Tower subsides to 12-year low

Index takes dip as some large cap stocks give up dividend rights.
Sky Network Television, which gave up a 15c dividend, fell to $4.92. Picture / Greg Bowker
Sky Network Television, which gave up a 15c dividend, fell to $4.92. Picture / Greg Bowker

New Zealand shares fell as several large cap stocks gave up dividend rights, while insurer Tower dropped to a 12-year low.

The S&P/NZX 50 Index dropped 36.38 points, or 0.5 per cent, to 7,534.72. Within the index, 29 stocks fell, 17 rose and four were unchanged.

Tower led the index lower, down 19 per cent to $1.11. The insurer warned it expects a $16.2 million hit to its after-tax profit due to increased claims provisions for the Canterbury earthquake following greater-than-expected new claims from the Earthquake Commission (EQC) and increased litigation and customer disputes. It also signalled it will review its dividend and its dividend policy at its full-year earnings result.

Tower said it has about 560 claims remaining of the almost 16,000 claims lodged.

Still, it said the insurance industry has received more than 800 new claims in the past six months as EQC accelerates its programme. It's estimated more than 6000 EQC claims require remediation, and some of these will exceed the $100,000 EQC threshold, resulting in the cost being borne by insurers.

Tower said it has also experienced a greater number of disputes and extended time to reach agreements with customers.

"One hopes it's at the end of it but it's down to the tail of difficult claims and the unknown extra over-cap claims from EQC," said Matt Goodson, managing director at Salt Funds Management.

"Tower's gone from having an extraordinarily strong balance sheet to having a satisfactory balance sheet in terms of capital positioning. The underlying insurance business is still travelling well. The market's weighing up what's still a satisfactory capital position, the multiples it's trading at and any further risks that may still be there to come out of Christchurch. As there's more and more information, there's less risk of a further blowout."

Companies giving up rights to dividends included Air New Zealand, which dropped 10c, the same as its final dividend payout, to $2.06. It also paid a special 25c dividend.

Trade Me Group shed a 9c dividend and declined 22.4c to $5.62. Sky Network Television, which gave up a 15c dividend, fell 12c to $4.92.

Orion Health Group was the best performer, up 4 per cent to $4.20. It had fallen 24 per cent between June and the beginning of this month, from a peak of $5.31 to $4.03.

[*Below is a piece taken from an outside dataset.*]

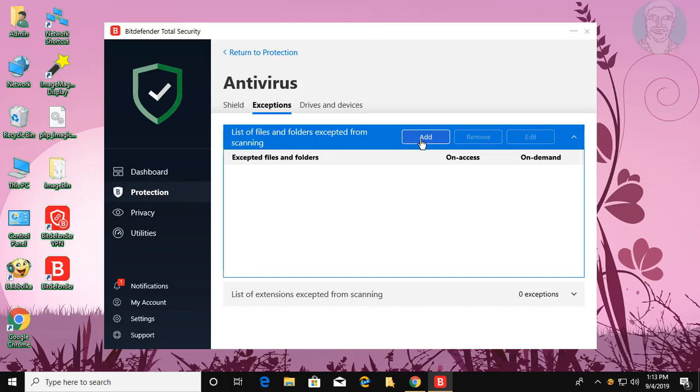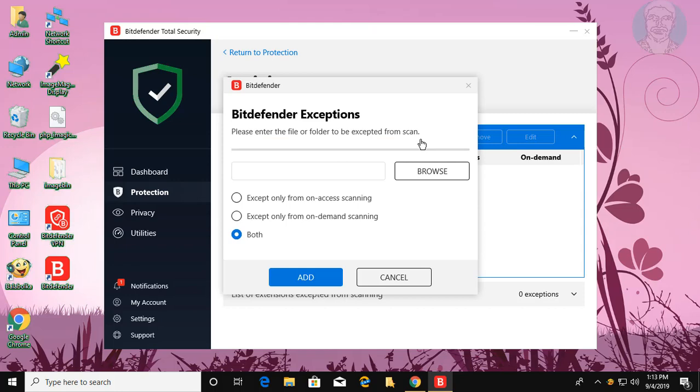Click Add to add a folder or file. Click Browse.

"It's been very weak for several months, so it's just bounced on light volumes, there was no news behind the decline and no news behind the bounce," Goodson said.

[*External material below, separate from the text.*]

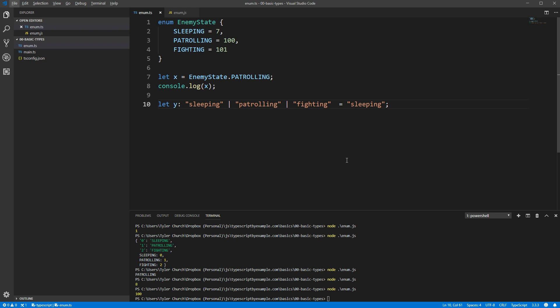enums are available at runtime, as we've shown previously, so if you need a list of all possible values for debugging or display purposes, enums are a great option.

Freightways gained 2.2 per cent to $7.05, Kathmandu Holdings rose 2per cent to $2.01, and Z Energy advanced 2 per cent to $8.60.

Outside the main index, Moa Group rose 5.9 per cent to 90c. The listed boutique brewer is to raise $4million via a placement and rights offer at 73c per share, and will use the funds to expand its sales team and for working capital and expenses.

Smiths City Group was unchanged at 70c. Chairman Craig Boyce and fellow directors Gary Rohloff and Tony Allison have survived an attempt by Sir Ron Brierley's Mercantile Investments to oust them from the board at yesterday's AGM in Christchurch.

Pan Pacific Petroleum fell 6.3 per cent to 3c. It has applied for voluntary delisting from the NZX due to low trading volumes, although it will stay on the ASX.